Mal di piazza

A differenza della concezione leninista del sindacato come cinghia di trasmissione del partito, la perenne propensione delle sinistre per le manifestazioni di piazza non solo non è stata superata ma, anzi, vive un periodo di grande fulgore. La gente di sinistra “scende in piazza”, per usare un’espressione ampiamente analizzata da Giuseppe Prezzolini, sia quando i partiti di sinistra vincono una tornata elettorale sia quando, avendola persa, protestano contro chi l’ha vinta.

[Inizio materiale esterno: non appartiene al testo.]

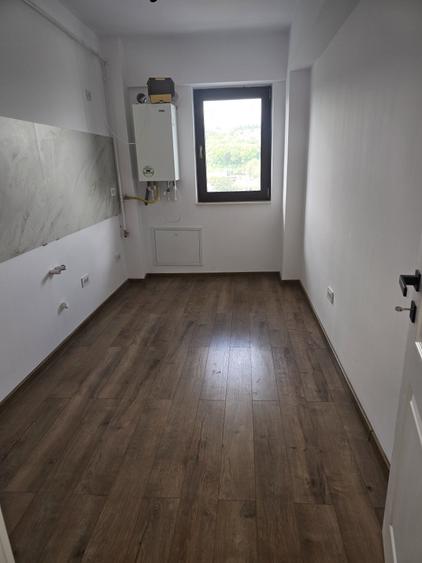 Apartament cu 2 camere semidecomandat în Bucium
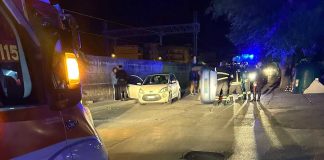 Incidente nella notte a Barletta: auto si ribalta, occupanti incastrati. Essenziale l’arrivo dei soccorsi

Essere democratici e di sinistra non sarebbe difficile se, come avviene in altri Paesi, venisse davvero riconosciuto il diritto costituzionale a governare sulla base dei risultati elettorali, ma diviene decisamente arduo se uno parte, invece, dal presupposto che solo un Governo di sinistra è davvero legittimo e che, se le urne decretano il successo della destra, allora è urgente e doveroso protestare e, come dicono da sempre, “lottare”.

E dunque scendere in piazza. È accaduto in Francia pochi giorni fa e accade oggi in Italia, dove ogni occasione è buona per urlare contro il deprecato Governo di destra. Il fatto è che la piazza genera nei partecipanti un’euforia attraverso la quale le convinzioni si rafforzano vicendevolmente e la stessa quantità dei presenti, sempre vantata e sopravvalutata, produce un’eccitazione che, peraltro, non ha proprio nulla a che fare con qualsiasi argomentazione razionale. La ragione, in effetti, dovrebbe essere adottata nella aule parlamentari e non in una calca fragorosa e comunque inconcludente. Il fatto stesso che scendano in piazza mille o diecimila o centomila francesi o italiani per condannare la destra vincente non significa certo che le urne francesi siano state manomesse e che i milioni di francesi o di italiani che hanno votato a destra improvvisamente debbano sentirsi minoranza rispetto ai cortei e alle piazze.

Per tradizione, le sinistre sembrano guardare alle manifestazioni di piazza come ad una sorta di quarto, o quinto, potere dimenticando che il potere stabilito dalle elezioni democratiche viene prima di tutto. Si tratta di una tradizione malevola e ingannatrice perché, per altrettanta tradizione, si sa che le persone di destra liberale e di ceto borghese non amano le piazzate e si limitano, se così si può dire, a votare. Contestare il Governo se è di destra è certamente legittimo ma, se la maggioranza dei votanti ha preferito la destra alla sinistra, manifestare e opporsi significa manifestare e opporsi all’elettorato e ciò non sembra genuinamente democratico. Cosa pretendono le sinistre una volta in piazza? Credono davvero di creare una specie di “spinta dal basso” nella prospettiva di mettere in minoranza la maggioranza scambiando la piazza con Montecitorio o Palazzo Madama? Pensano davvero che chi prende atto di una pur nutrita manifestazione a Roma riconosca che gli italiani sono contro il Governo, così come quando a manifestare sono gruppi più o meno numerosi di studenti ciò indichi che gli studenti italiani la pensano in quel modo? Per fortuna, lo Stato liberale di diritto, non certo un’invenzione di sinistra, mette a disposizione di tutti, e non solo di chi è di sinistra, uno strumento serio ed efficace che si chiama voto. Lasciando ad altri l’opzione esaltante ma sterile di scendere in piazza. Persino se si abita al pian terreno.